Scientific classification
- Kingdom: Plantae
- Clade: Tracheophytes
- Clade: Angiosperms
- Clade: Eudicots
- Clade: Rosids
- Order: Malpighiales
- Family: Picrodendraceae
- Genus: Neoroepera
- Species: N. buxifolia
- Binomial name: Neoroepera buxifolia Müll.Arg. & F.Muell.

= Neoroepera buxifolia =

- Genus: Neoroepera
- Species: buxifolia
- Authority: Müll.Arg. & F.Muell.
- Conservation status: VU

Species of flowering plant

Neoroepera buxifolia is a plant species in the Picrodendraceae family.

It is a monoecious shrub or small tree growing to 6 m high. The leaves are elliptic, 1 to 4 cm long, 0.6 to 2 cm wide and evenly spaced along the stems.
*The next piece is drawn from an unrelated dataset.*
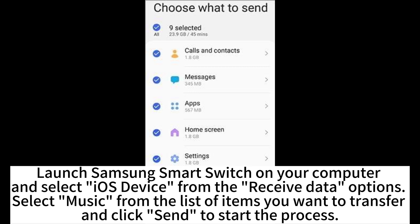Launch Samsung Smart Switch on your computer and select iOS device from the Receive Data options. Select music from the list of items you want to transfer and click Send to start the process.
The flowers are clustered along a short axis and subtended by numerous microscopic, semi-circular hairy bracts. The male flowers are 4.5 to 8 mm long, have 4 to 7 stamens, although usually 6, and ciliate margins on the perianth lobes. The female flowers are solitary, and apical with several male flowers below, 1 to 2 mm in diameter and styles with three distal, flattened, stigmatic portions. The fruit are obloid to obovoid, 5 to 8 mm long, at first conspicuously crowned with 3 long-persisting styles. The seeds are usually ellipsoid becoming dorsiventrally flattened with maturity and black when ripe.

It is endemic to the Gladstone District of Queensland, Australia.